Sweat Equity

The north is the same wherever it might be.
—Sigurd Olson, Listening Point

Soon after I was born, my grandparents bought a cabin on a small lake in the Arrowhead, not far from my hometown of Two Harbors. My parents, in turn, took over the property after my grandfather died a few years later. With two brothers, I had ready companions to explore its woods, and to hunt, swim, and fish. Without hesitation, I would claim that the finest feature of the property is a seventy-year-old cedar-log sauna near the edge of the lake. The structure is both simple and elegant: two rooms, one for dressing, the other lined with benches and dominated by a cast-iron stove. A framework atop the stove cradles a bushel of smooth stones, heated to produce löyly, the tonic steam described in the Kalevala, the Finnish national myth. When our sauna is lit, the smoke rushes windborne up the hill from the clear lake, through birch, spruce, balsam, and pine, and out over the roadless, empty North Woods. I have spent countless winter evenings and quiet summer afternoons in this building. As boys, we would push the limits of human respiration and tempt the dermal flash point, emerging red-eared and hot-haired to plunge into the cool water. As an adult, I have practiced the immobility that such a room requires, the slowness of breath, the silent trickle of sweat down the spine, afterward gazing comfortably at winter stars in five-degree air, steam rising from my skin.

By the mid-nineties, the sauna was rotting into the earth, its logs at ground level turning to compost. The top of its doorway had sunk to the level of my chin. Inside, the wall separating the two rooms sank beneath the weight of the brick chimney. Strongly sensing the building’s importance, not simply as a cache of family memories, but also as folk architecture, I plotted to stop its decay. My father was skeptical. He advocated doing away with the old in favor of something new, tightly constructed from a truckload of Menards lumber. He questioned, not unreasonably, the feasibility of restoration: We were not masons, let alone Finn carpenters. This was not the sort of project we undertook. Everyone in my family knows their way around a toolbox, but this project appeared to require skills long since dead to our line. Then again, my father didn’t take saunas, a habit I had sorely missed during many years away from Minnesota. My efforts to convince him proceeded at a glacial pace, hampered by our ham-fisted communication; meanwhile, the sauna stovepipe canted farther earthward. Smoke billowed forth whenever the stove door was opened, filling the room. Finally, with the sauna nearly unusable, I saw no choice but to begin, knowing that sometimes forgiveness comes more easily than permission.
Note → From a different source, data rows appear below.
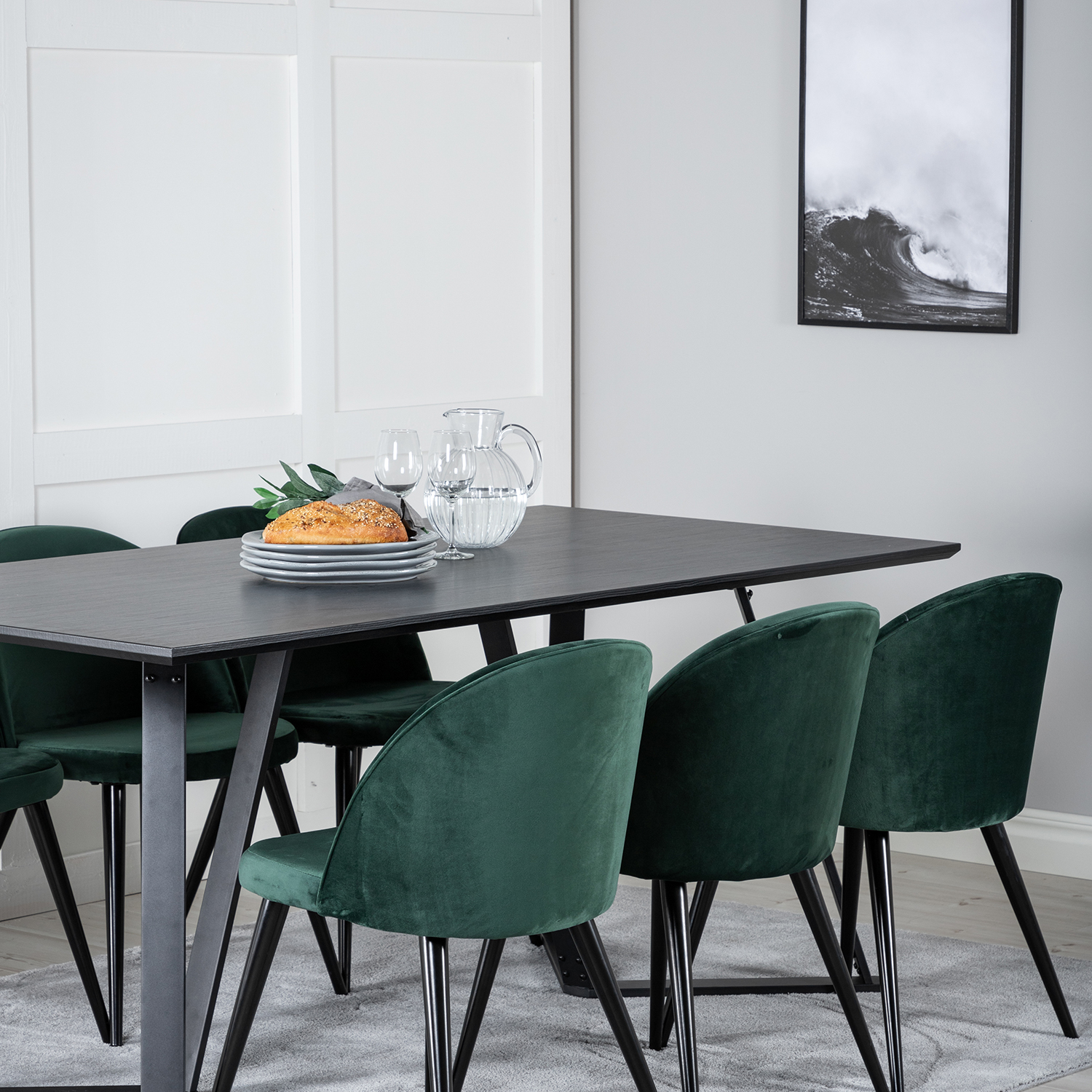 Spisegruppe Venture Home Madde med 6 Valentina Stoler Fløyel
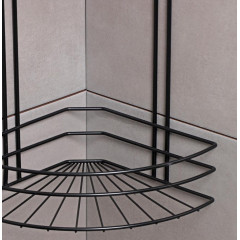 Полка для ванной комнаты угловая 4-х ярусная,Native 175х762 мм, цвет черный матовый 9717967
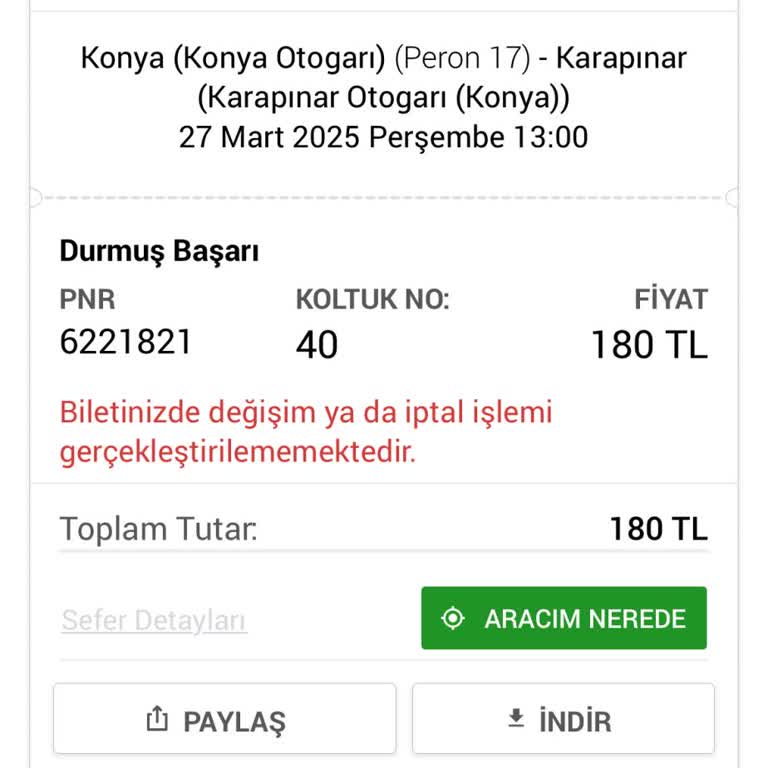 Konya Otogarı'nda İptal Talebine Olumsuz Yanıt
It was an improbable task, but my ambitions were affirmed by two sources. The first was Sigurd Olson, Minnesota’s conservationist emeritus, the legendary writer and adventurer who helped secure the Boundary Waters wilderness. In Listening Point, he recalls the creation of his own lakeside retreat. Foregoing the idea of a new cabin, he searched the backroads around Ely for a particular style of Finnish outbuilding he had always admired:

Built of tamarack, jackpine, or cedar, with dovetailed corners, these cabins are so expertly hewn, their logs fitted so tightly, that chinking is seldom necessary. The result of a long tradition of construction in the far north of Europe, they were designed to keep out the bitter winds. The settlers brought their broadaxes with them to Minnesota, and, more than that, skills perfected by necessity. Such a cabin, it seemed to us, would fit the point, for it would have tradition behind it, and in its soft grayness there would be no jarring note.
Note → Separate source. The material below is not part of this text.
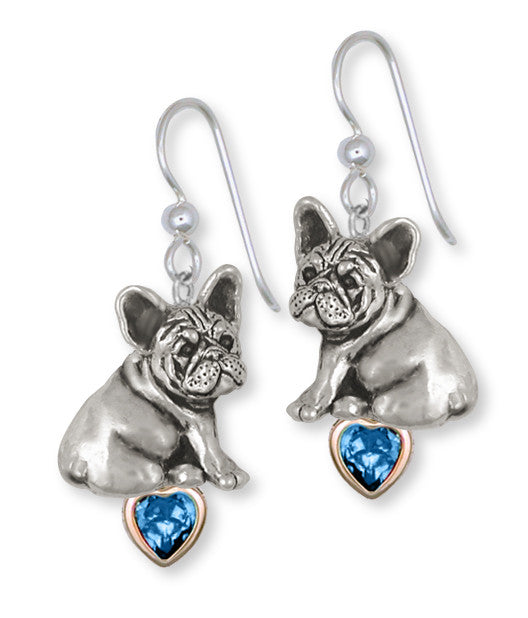 French Bulldog Birthstone Earrings Handmade Sterling Silver Dog Jewelry FR23-SE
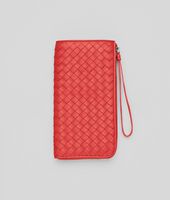 Bottega Veneta® New Red Intrecciato Nappa Zip Wallet Bottega Veneta® New Red Intrecciato Nappa Zip Wallet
That description evoked our sauna: cabinetry writ rough and large. The first owner of such an outbuilding that Olson approached would not sell, but the next parted willingly, wondering why anyone would want to bother with such an old-fashioned hulk. Olson disassembled the old logs and rebuilt the cabin on his rocky point on Burntside Lake.

I also recalled the research of cultural geographer Matti Kaups. In the 1950s he had studied Finnish saunas in mining communities throughout the Lake Superior region, from the copper shafts of Michigan’s Upper Peninsula to the iron pits of the Arrowhead. He described the typical Finnish-American farm sauna as eight by fifteen feet, constructed of squared logs, with two rooms inside, a window between them for a lantern to illuminate both the sauna and the dressing room, and passage outside from the dressing room. Ninety percent of Finnish-American farmsteads had a sauna (a higher percentage than farmsteads in Finland), and saunas were common at all types of Finnish residences. Kaups found that the sauna competed favorably with television as an evening activity among Finnish Minnesotans. While Finns were considered an obtuse, clannish lot in other neighborhoods of Minnesota iron ore towns, Kaups found them to be “most cordial and cooperative.”
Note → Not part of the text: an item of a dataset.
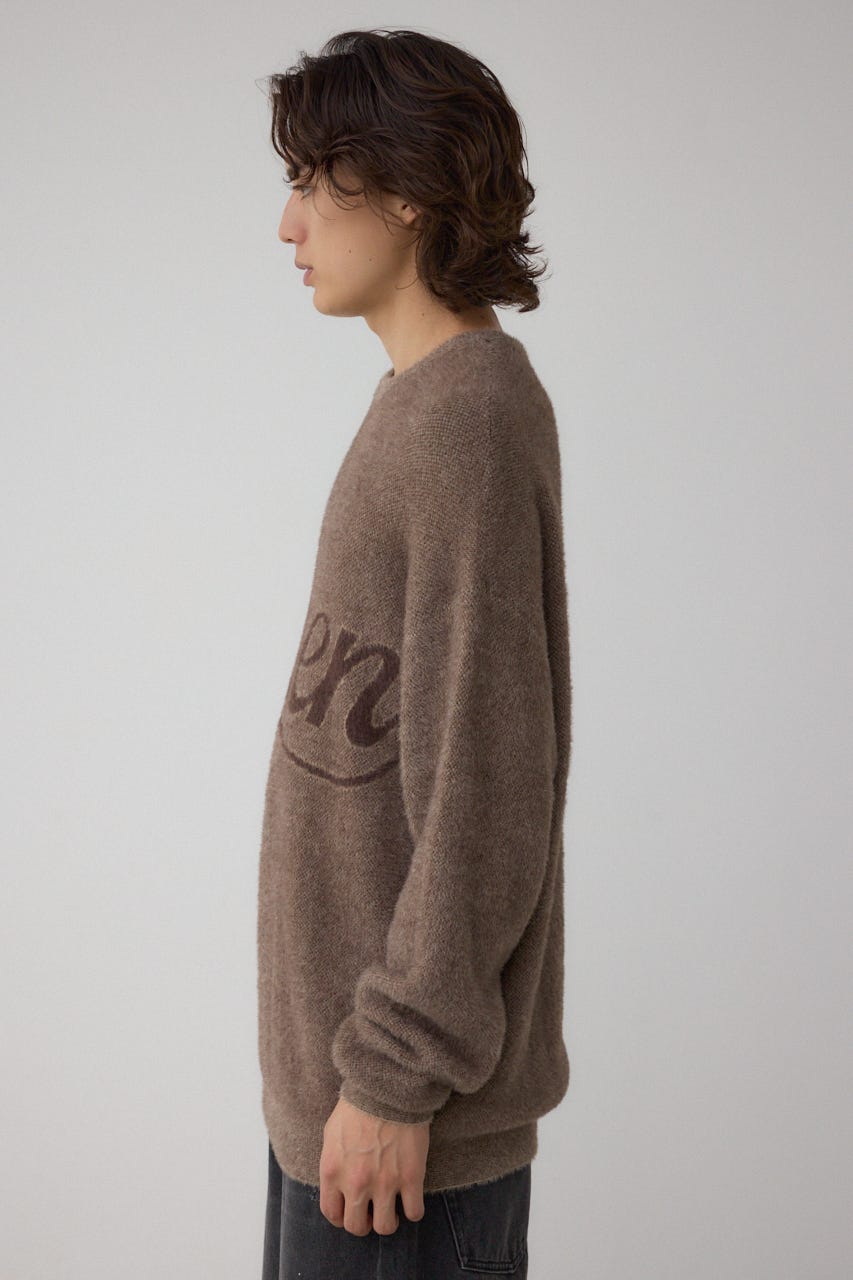 シャギーロゴニット 柄BRN FREE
I began the restoration of the structure by myself, ripping out the simple moldings, the wallboard, and the old studs. I removed the chimney brick by brick—a light tap of the hammer was all that was required to release the old mortar. One feature betrayed the economy of the original builders: When I removed the ceiling above the sauna room, I was showered with a mixture of stones and various materials that generations of squirrels had imported, stashed, processed, and forgotten. My predecessors had poured four inches of gravel between the rafters as insulation.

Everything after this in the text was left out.